> **Collected data**:
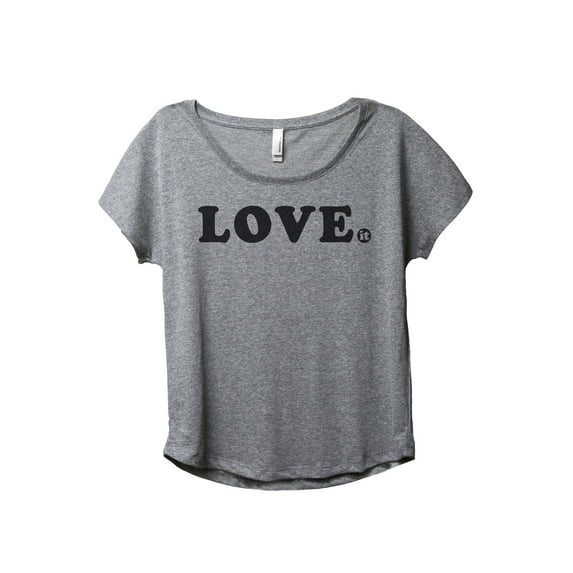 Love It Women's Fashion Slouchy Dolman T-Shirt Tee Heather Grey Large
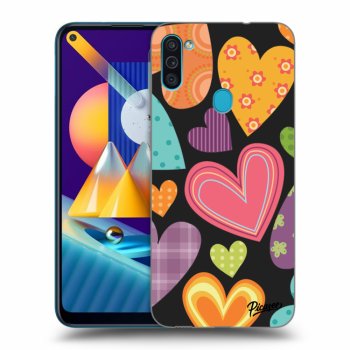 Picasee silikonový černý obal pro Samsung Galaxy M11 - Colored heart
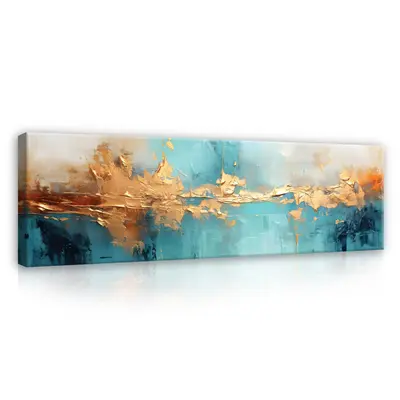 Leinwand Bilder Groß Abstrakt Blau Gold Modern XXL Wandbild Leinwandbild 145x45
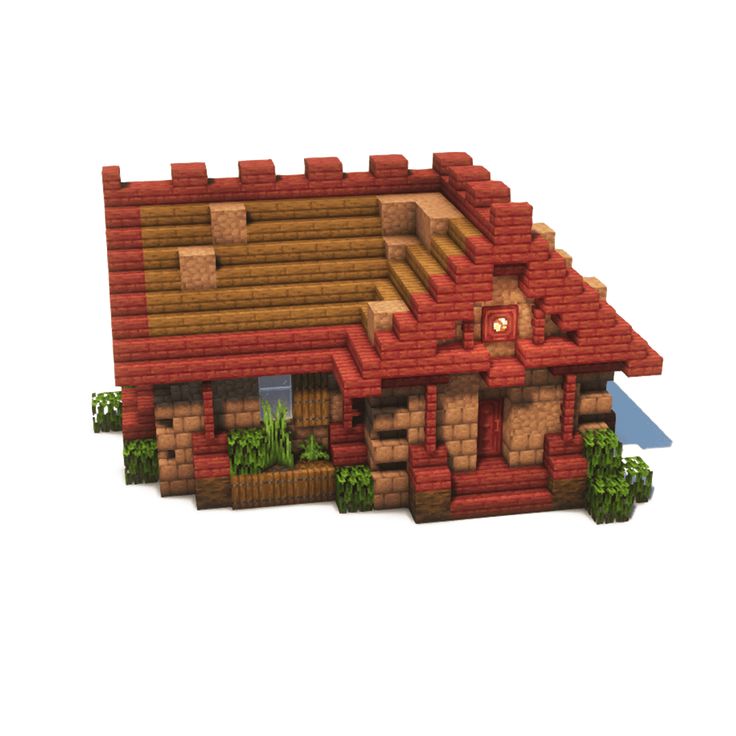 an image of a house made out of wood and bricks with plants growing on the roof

> **Problem to work on**: Set down exactly the lines between the one with "Leinwand Bilder Groß" and the last line of the material above, both included, but none of the pictures.

> **Expected output**:
 Leinwand Bilder Groß Abstrakt Blau Gold Modern XXL Wandbild Leinwandbild 145x45
 an image of a house made out of wood and bricks with plants growing on the roof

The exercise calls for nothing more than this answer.